Love my family....along with guitars, cameras, and a good book!
I had seen the movie, but had never read the book. This story is a master class in abject horror. I can't imagine the things these men went through. To be thrust so completely, and so immediately into such a foreign world ... so steeped in complete loss of control and reason. Dealing with unknown elements, both of the natural world, as well as the human terror they encounter. Such a great story! Very disturbing, but very good. Will Patton is a master narrator as well, really brought the story to life.
I have vivid memories of watching Deliverance and the impact of the sheer brutality of the encounter with the mountain men is etched in my mind. The book is a slow boiling burner that builds tension from the very beginning of the story. The dissatisfaction with their city lives is felt from the first page. Lewis convinces them to undertake this adventure to reclaim a bit of the adventure that has left them. The rest is history...

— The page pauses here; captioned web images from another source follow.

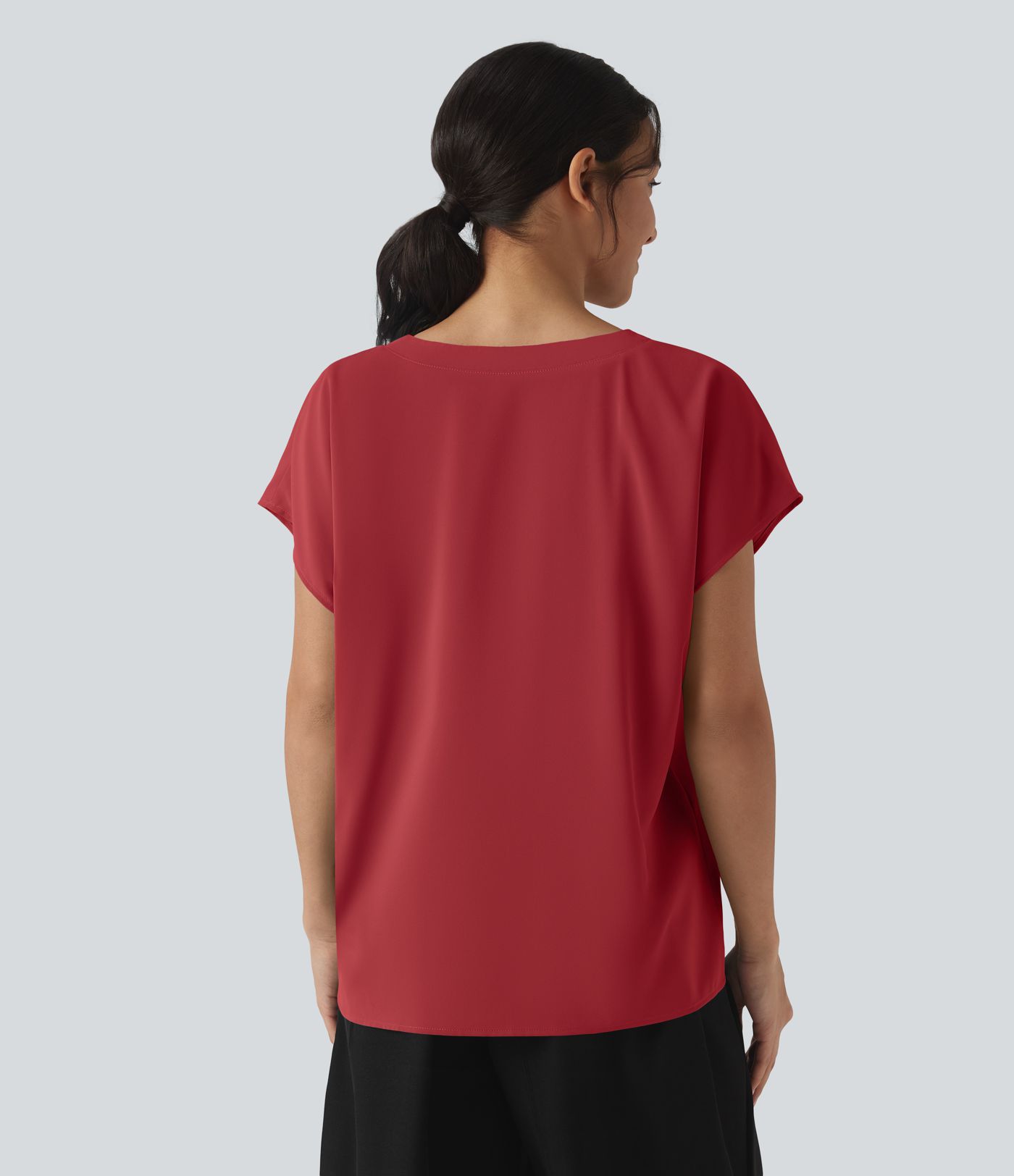 Blouse de travail oversize col V manches courtes infroissable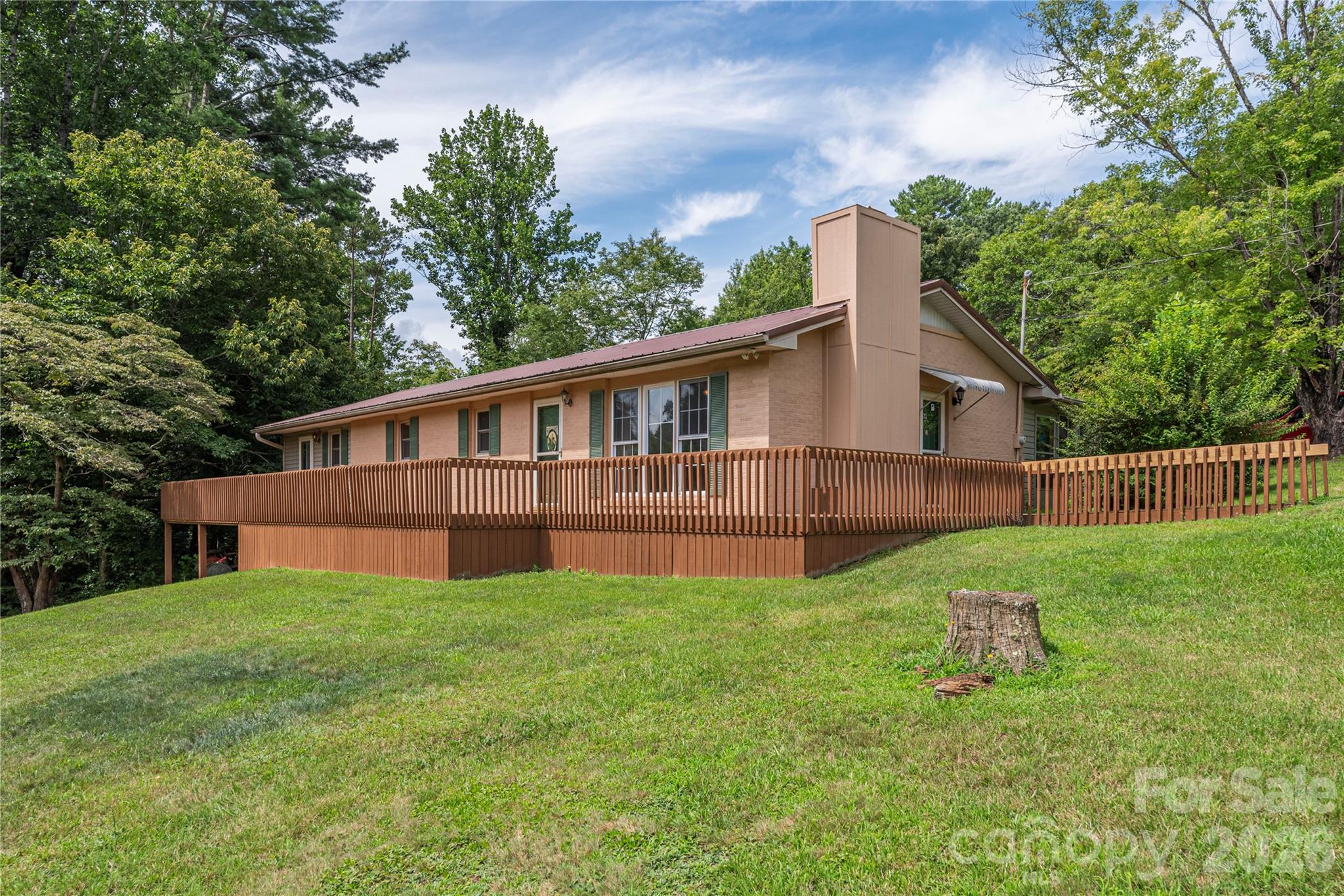 69 Emerald Lane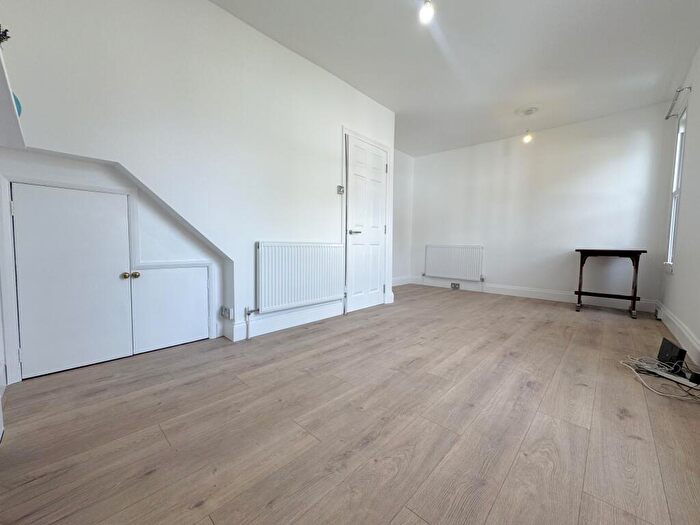 2 Bedroom Apartment To Rent In Cockburn Street, Cambridge, CB1
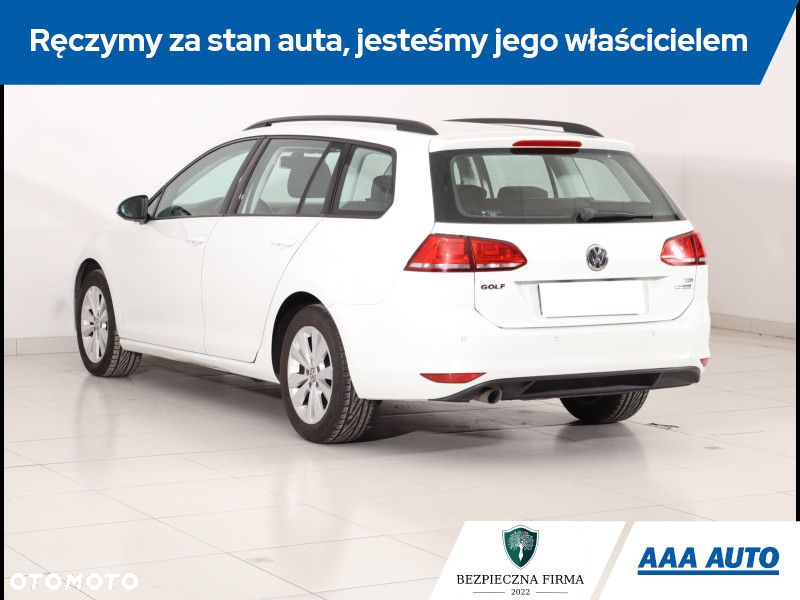 Volkswagen Golf - 5
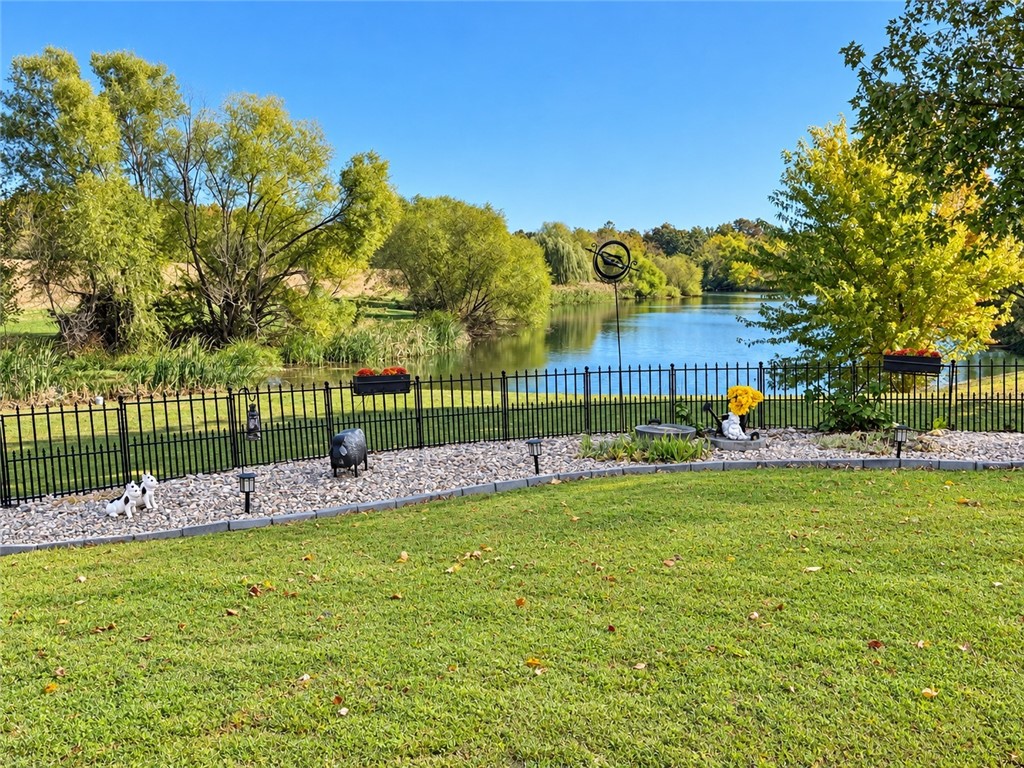 2301 E Lakeview Drive Property Photo 12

Will Patton's narration was excellent for this book - his deep voice and the deliberate cadence of the story helped keep the tension building throughout the story. An excellent book brought to life by Will Patton
What an incredible listening experience that Deliverance delivers! To begin with, having seen and enjoyed the action aspect of the film, I found myself far more moved by the strikingly poetic narrative than by any of the action that I had hoped for when making my purchase . Listening to the lead character describe his thoughts and emotions throughout his daily life was so satisfying that I almost hated to hear events unfold so quickly. The action is disturbingly nerve rattling and very exciting but this book is sooo much more. Add Will Patton's flawless performance and you have yourself a top notch audio experience. I wish I had a quarter of the writing talent that Dickey displays here, I'd write a much better review. But, to sum things up, I'll say, this book didn't leave this listener with a rape scene in mind as much as it's beauty of carefully carved out words and it's imagery so skillfully wrought by the author that remains in my mind.
I read this novel several years ago and admired James Dickey's writing talents even then. However, listening to it read by my favorite narrator, Will Patton, made me realize what a great work it really is. I found myself thinking of the river as a real character in the story - one who could push others to do things, both good and bad, they had never dreamed they could do. I thought about the reversal of the roles of Ed and Lewis as the story went on. Lewis almost forced the others to go on his trip and he seemed to rule the river in the beginning. Ed was content to be a follower until confronted by real evil. Then he becomes the true leader of the group and is forced to make decisions that will haunt all of them for the rest of their lives. I was moved near the end of the story when Ed went back down to the river and drank. I felt much meaning in this - that he had not been beaten by the river, but still respected it. This is a near perfect combination of author and narrator. I would give it more than fire stars if I could. Read it!